Understanding the Security Landscape of Embedded Non-Volatile Memories: A Comprehensive Survey

TL;DR

This comprehensive survey explores the security landscape of embedded non-volatile memories (eNVMs), highlighting vulnerabilities, security primitives, threats, and research trends in this rapidly evolving field.

Contribution

It provides an extensive review of security issues, primitives, threats, and publication trends related to eNVMs, offering a valuable resource for future research and development.

Findings

eNVMs have unique security vulnerabilities due to their data retention features.

Security primitives like PUFs and TRNGs are extensively used in eNVMs.
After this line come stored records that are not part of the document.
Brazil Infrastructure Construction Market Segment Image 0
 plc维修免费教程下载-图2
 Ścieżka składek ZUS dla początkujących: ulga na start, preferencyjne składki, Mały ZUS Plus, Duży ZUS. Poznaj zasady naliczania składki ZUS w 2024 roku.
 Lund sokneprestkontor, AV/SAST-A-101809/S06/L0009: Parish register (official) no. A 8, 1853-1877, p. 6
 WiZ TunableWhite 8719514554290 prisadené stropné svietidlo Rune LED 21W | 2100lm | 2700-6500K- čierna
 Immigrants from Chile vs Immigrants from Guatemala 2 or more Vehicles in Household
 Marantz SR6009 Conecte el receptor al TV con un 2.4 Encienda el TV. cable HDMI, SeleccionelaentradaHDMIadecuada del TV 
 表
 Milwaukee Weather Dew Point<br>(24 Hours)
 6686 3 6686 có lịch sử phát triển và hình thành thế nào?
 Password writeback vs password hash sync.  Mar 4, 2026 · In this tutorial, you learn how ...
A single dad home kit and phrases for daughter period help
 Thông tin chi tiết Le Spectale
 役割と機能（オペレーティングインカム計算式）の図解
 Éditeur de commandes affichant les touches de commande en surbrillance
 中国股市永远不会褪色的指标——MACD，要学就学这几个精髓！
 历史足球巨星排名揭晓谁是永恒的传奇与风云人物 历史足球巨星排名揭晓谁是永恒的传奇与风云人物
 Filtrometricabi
Research activity on eNVM security has significantly increased since the early 2000s.

Abstract

The modern semiconductor industry requires memory solutions that can keep pace with the high-speed demands of high-performance computing. Embedded non-volatile memories (eNVMs) address these requirements by offering faster access to stored data at an improved computational throughput and efficiency. Furthermore, these technologies offer numerous appealing features, including limited area-energy-runtime budget and data retention capabilities. Among these, the data retention feature of eNVMs has garnered particular interest within the semiconductor community. Although this property allows eNVMs to retain data even in the absence of a continuous power supply, it also introduces some vulnerabilities, prompting security concerns. These concerns have sparked increased interest in examining the broader security implications associated with eNVM technologies. This paper examines the security aspects of eNVMs by discussing the reasons for vulnerabilities in specific memories from an architectural point of view. Additionally, this paper extensively reviews eNVM-based security primitives, such as physically unclonable functions and true random number generators, as well as techniques like logic obfuscation. The paper also explores a broad spectrum of security threats to eNVMs, including physical attacks such as side-channel attacks, fault injection, and probing, as well as logical threats like information leakage, denial-of-service, and thermal attacks. Finally, the paper presents a study of publication trends in the eNVM domain since the early 2000s, reflecting the rising momentum and research activity in this field.